For 15 years Kari Greer has been documenting wildland fires and the men and woman who battle them.
"I'm a trained firefighter; photography is my tool," she says. "It's my service on the line."
In college Greer studied photography but spent her summers fighting wildland fires as a seasonal firefighter. After graduation it was an easy fit to combine her two skill sets.
"The bug bit, and I developed a kind of passion for it."
She now photographs fires from the front lines under contract with the National Interagency Fire Center, the federal outfit that supports wildland firefighting efforts.
Her photos are available to the public and the news media and are used to train firefighters and to help better coordinate firefighting efforts.
"There are many tools in the tool box for fighting fire and showing what fire is all about," Greer says. "It's kind of a mysterious creature. My tool is that I'm able to document that and present it to the people, to the public. When the fire is going on in their backyard, they are able to see what's happening, what's really going on out there."

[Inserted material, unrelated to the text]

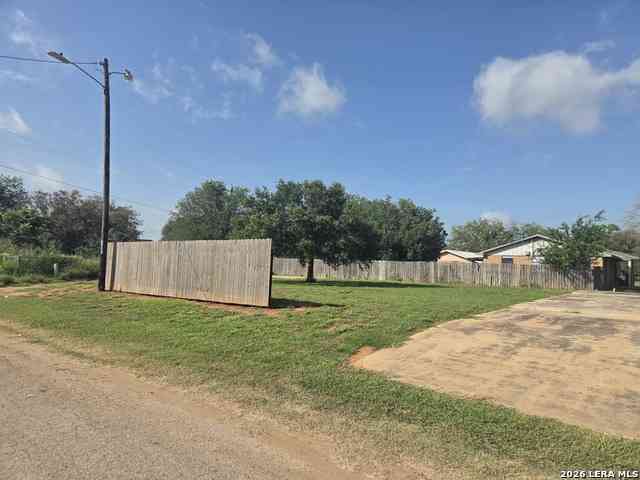 Vacant Land For Sale - 1438 N Huajillo St<br/> Frio County, Pearsall, TX 78061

As a fully certified wildland firefighter, Greer is able to safely move throughout an active fire to places most photographers could not safely travel.
Like the rest of the firefighters she sleeps in a tent and generally works a 16-hour day, often for weeks at a time.
She carries her Olympus E-3 camera and the rest of her photo gear and a full complement of safety equipment, including a fire shelter -- last ditch protection should fire overtake her team.
"When I'm in the middle of an active fire -- right over the shoulder of a firefighter who is actively fighting that fire -- I feel like I'm right there with him experiencing it, and my whole focus is to show the activity what's going on," says Greer. "Why are they doing this, how are they doing this? I feel the heat, I feel the smoke, my eyes are watering with everybody else's and I'm sweating, probably pretty badly, and getting very nice and dirty."
There is an easy camaraderie among the firefighters -- often captured in Greer's photos. Despite the hard work and brutal conditions it's not uncommon to see firefighters smiling and enjoying each other's company in the middle of a fire, even as they remain focused on their work and staying safe.
"It's kind of a nice brotherhood and sisterhood," she says. "It's like a family. You'll see people you see maybe once in five years. You'll run into them in one corner of the country and five years later you'll see them again, and it's like you pick right back up where you left off."
There are two sets of characters in Greer's photos: the fire and the firefighters. The good guys against the bad guy.
The intensity of the fire comes through in her photos, but so does the passion, skill and commitment of the firefighters.
"I think it helps people develop an understanding of the situation and how firefighters are working," says Greer. "They are highly trained doing a job that is difficult in a chaotic situation and they are doing their very best to manage it."